P-10, Ex. P-4, Ex. P5, Ex. P-8. 35. After the appreciation of the evidence discussed herebefore this Court believes on para 1, 3 and 12 of P.W. 4 prosecutrix. 36. After appreciation of the evidence discussed herebefore this Court finds that prosecution has succeeded to prove beyond reasonable doubt that appellant had committed rape with prosecutrix which is punishable under Section 376(1) of the IPC. Thus, this Court affirms the judgment of conviction passed by the trial Court. 37. As regards sentence awarded to the appellant for offence punishable under Sections 376(1) of the IPC, considering the facts and circumstances of the case, it appears to be just and proper, and does not call for any interference.
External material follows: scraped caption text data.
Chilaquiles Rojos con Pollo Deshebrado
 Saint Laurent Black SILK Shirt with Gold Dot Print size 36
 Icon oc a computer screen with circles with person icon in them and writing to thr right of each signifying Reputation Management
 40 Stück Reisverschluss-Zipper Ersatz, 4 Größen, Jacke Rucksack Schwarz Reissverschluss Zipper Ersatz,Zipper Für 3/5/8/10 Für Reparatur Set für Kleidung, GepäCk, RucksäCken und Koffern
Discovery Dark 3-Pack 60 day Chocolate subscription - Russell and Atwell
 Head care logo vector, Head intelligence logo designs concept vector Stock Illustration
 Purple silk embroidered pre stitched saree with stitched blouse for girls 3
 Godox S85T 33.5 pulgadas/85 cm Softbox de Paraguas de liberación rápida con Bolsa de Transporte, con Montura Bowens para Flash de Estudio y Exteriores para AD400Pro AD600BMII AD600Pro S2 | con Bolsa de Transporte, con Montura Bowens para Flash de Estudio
Hence, this Court also affirms the sentence regarding Section 376(1), IPC. 38. The appeal being devoid of merit deserves to be and is hereby dismissed. 39. The appellant is reported to be on bail. His bail and bonds are cancelled. He is directed to surrender immediately before the trial Court for undergoing the remaining part of sentence. The trial Court is also directed to take the appellant in custody immediately for undergoing the remaining part of sentence.